A obra O Parto foi realizada em 1963, ano em que Clara Menéres foi mãe pela primeira vez, ainda enquanto estudante de escultura. A figura feminina em trabalho de parto é representada fragmentada e incompleta, renunciando a qualquer ideal de beleza clássico, simbolizando a violência dos costumes sobre os direitos e sobre as liberdades do corpo das mulheres.

Embora tenha utilizado o bronze, um material canónico, a escolha de representar a experiência do parto demonstra a sua intenção de romper com os tradicionais temas artísticos de idealização da mulher.

Nikias Skapinakis, Encontro de Natália Correia com Fernanda Botelho e Maria João Pires, 1974

A presente obra encerra a série Para o estudo da melancolia em Portugal, iniciada por Nikias Skapinakis em 1967. Atento ao que aconteceu em maio de 1968 em França e à esperança contida na Primavera Marcelista em Portugal, o artista representa diversas tertúlias femininas entre o final dos anos 1960 e o início dos 1970. Nos cinco retratos sociológicos que compõem a série, o pintor sublinha o mal-estar latente neste tempo de expectativas defraudadas, de fins adiados, desejos e desilusões.

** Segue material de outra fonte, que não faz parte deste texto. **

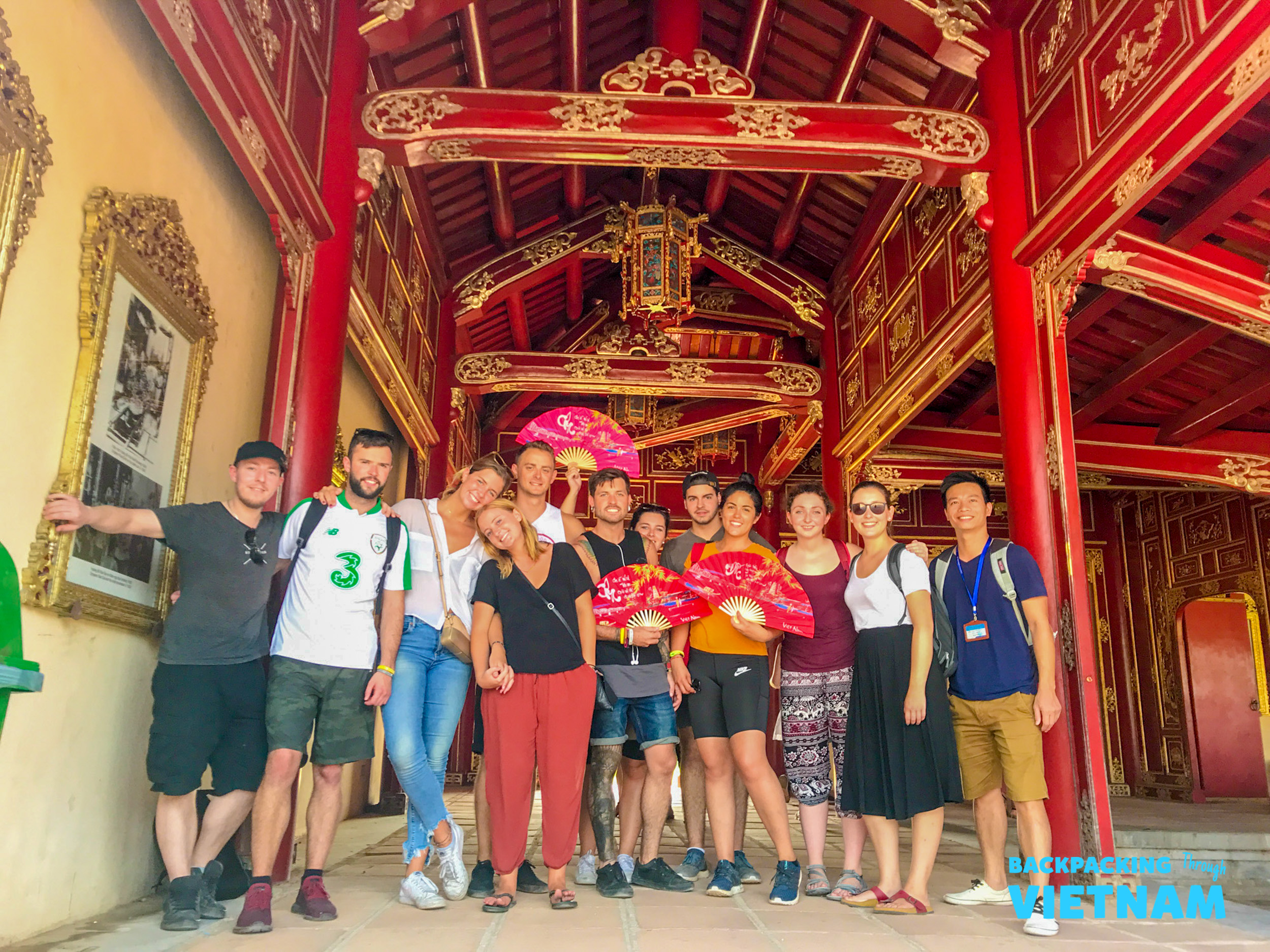 Happy backpackers pose with traditional fans inside the historic Imperial City in Hue.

Neste Encontro, surgem três rostos conhecidos da sociedade portuguesa: de braços cruzados e de perfil, a irreverente Natália Correia, intelectual de grande coragem combativa, poetisa e editora, deputada, dona de um invulgar talento oratório, antifascista, feminista e defensora da liberdade erótica; ao centro Fernanda Botelho, escritora sarcástica, presa pela Polícia Internacional e de Defesa do Estado (PIDE); e à direita, a única que ousa fitar o observador, Maria João Pires, de uma geração mais jovem mas comungando dos mesmos ideais, que já tinha uma carreira internacional como pianista.

Skapinakis, adepto de uma figuração muitíssimo próxima da imagética Pop, homenageia nesta tela um grupo de mulheres que estavam a contribuir para uma importante mudança do seu papel na sociedade portuguesa. Com a Revolução de Abril e o fim da ditadura, o pintor inicia nova série intitulada Os Caminhos da Liberdade, na qual algumas destas mulheres voltam a ser protagonistas da história da liberdade pela qual também lutaram.

Helena Almeida, Pintura Habitada, 1976

Pintura Habitada é um dos exemplos da vanguarda feminista da década de 1970. Helena Almeida foi uma das primeiras artistas a utilizar a autorrepresentação como tema principal da sua obra, servindo-se dela para romper com as composições tradicionais.

Nesta obra, o grande mosaico de imagens convoca o fim das tipologias rígidas, criando um trabalho híbrido através da fusão da fotografia, da pintura e da performance. A artista experienciava o seu corpo como objeto e como suporte das obras, convocando o debate de emancipação e o empoderamento da imagem da mulher.

A autorrepresentação de Helena Almeida é um dos momentos mais marcantes de um novo enquadramento social e político da arte portuguesa e da afirmação da criação feminina.

Depois das Belas-Artes

Luísa Correia Pereira, Cristiana, 1994

Inscrita na história recente da arte portuguesa, a obra de Luísa Correia Pereira foi redescoberta com a exposição retrospetiva Fiat Lux: Paris-Lisboa. Jogos Infantis e Desportos e Jogos, que decorreu no CAM, em 2003.

Aspeto da exposição «Histórias de uma Coleção» ©Pedro Pina

Luísa Correia Pereira viveu em França, não tendo exposto com regularidade em Portugal. A artista produziu poucas obras, o que, juntamente com o facto de ser mulher, pode justificar o seu reconhecimento tardio.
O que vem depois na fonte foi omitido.